# Given data
%%

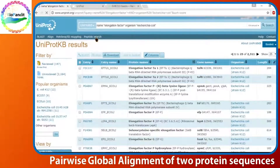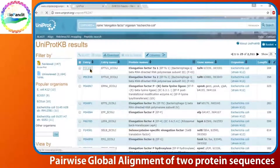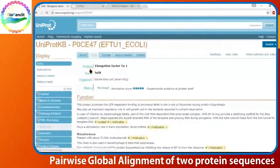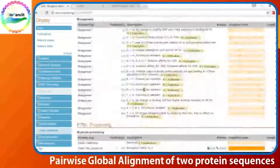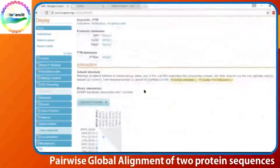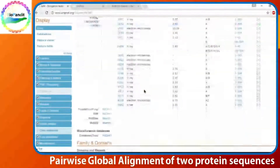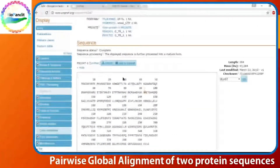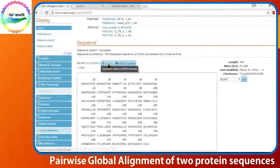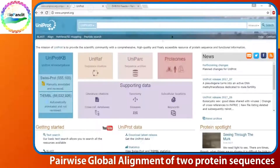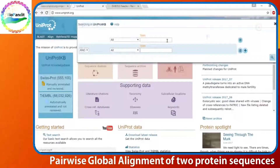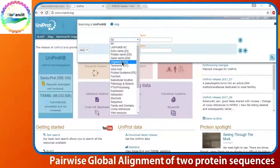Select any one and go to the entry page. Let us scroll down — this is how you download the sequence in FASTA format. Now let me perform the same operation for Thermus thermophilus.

%%
%%

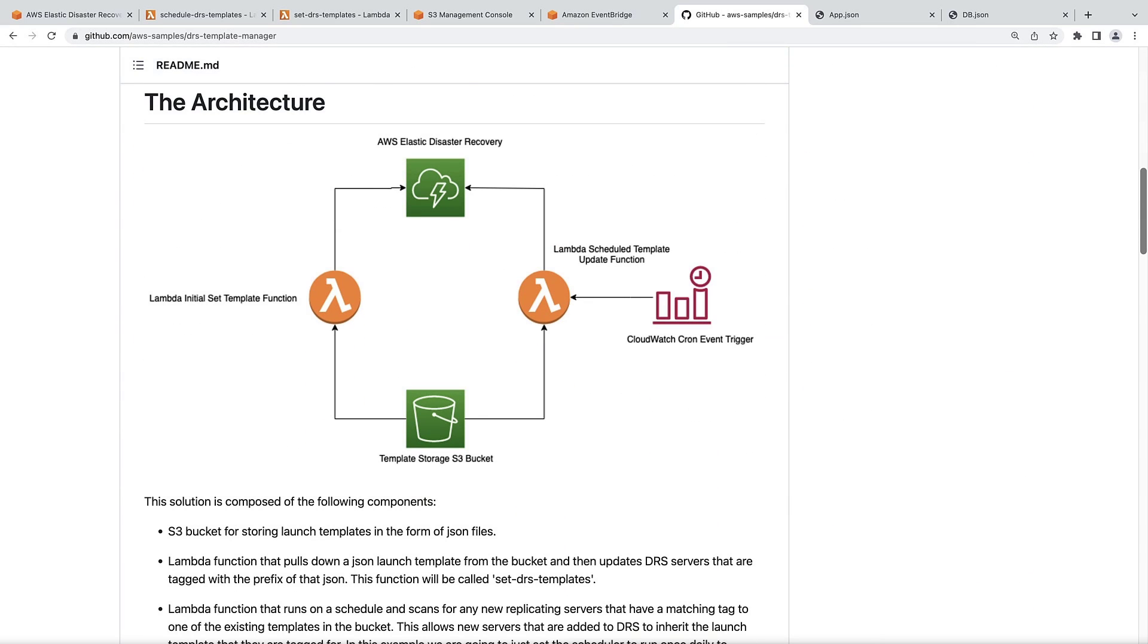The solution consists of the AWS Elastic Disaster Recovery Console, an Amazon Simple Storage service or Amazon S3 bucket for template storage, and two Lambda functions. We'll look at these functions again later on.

%%
%%

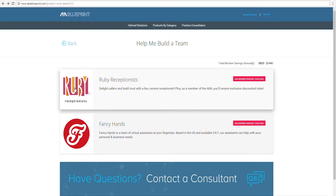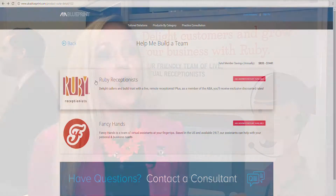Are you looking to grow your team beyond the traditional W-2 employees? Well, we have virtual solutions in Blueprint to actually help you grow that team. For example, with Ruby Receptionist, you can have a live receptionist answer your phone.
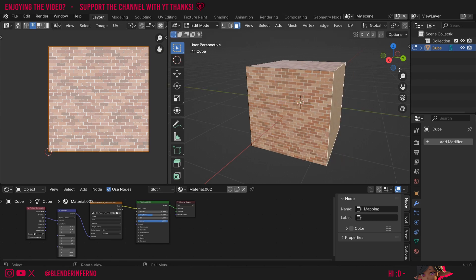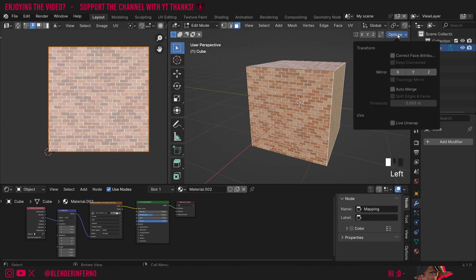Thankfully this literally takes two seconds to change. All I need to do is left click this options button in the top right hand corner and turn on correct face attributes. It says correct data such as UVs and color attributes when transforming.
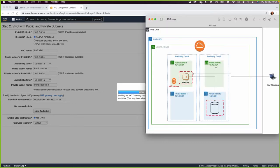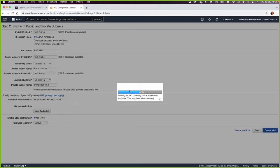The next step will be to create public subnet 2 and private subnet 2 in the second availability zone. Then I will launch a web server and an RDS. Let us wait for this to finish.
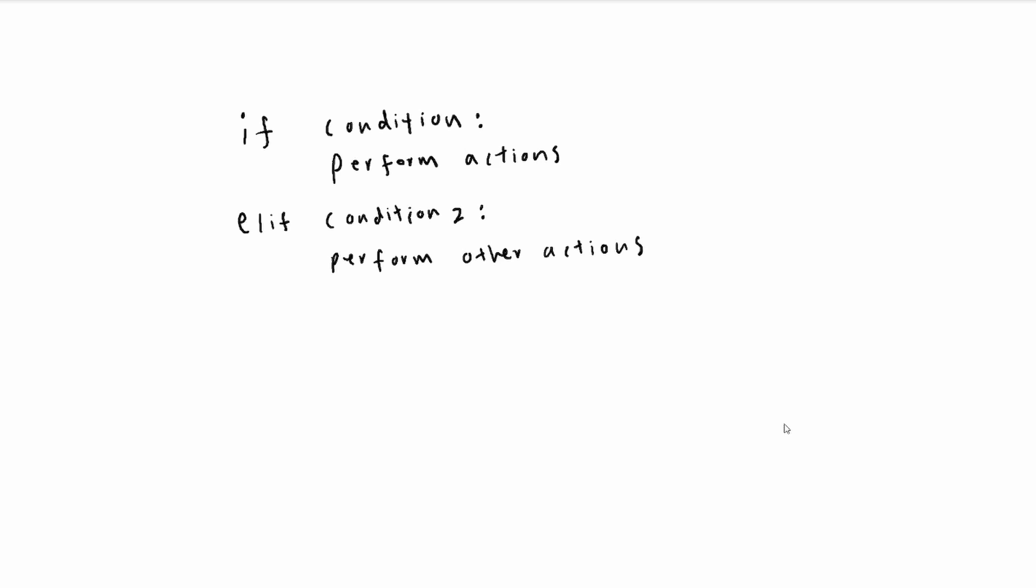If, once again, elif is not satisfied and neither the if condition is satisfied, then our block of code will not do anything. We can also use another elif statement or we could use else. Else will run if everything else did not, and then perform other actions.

%%

# Requirement
Could you output exactly the lines above, from the line with "Are you looking" up to and including the line with "The next step", and nothing else, skipping the pictures?

# Task response
Are you looking to grow your team beyond the traditional W-2 employees? Well, we have virtual solutions in Blueprint to actually help you grow that team. For example, with Ruby Receptionist, you can have a live receptionist answer your phone.
Thankfully this literally takes two seconds to change. All I need to do is left click this options button in the top right hand corner and turn on correct face attributes. It says correct data such as UVs and color attributes when transforming.
The next step will be to create public subnet 2 and private subnet 2 in the second availability zone. Then I will launch a web server and an RDS. Let us wait for this to finish.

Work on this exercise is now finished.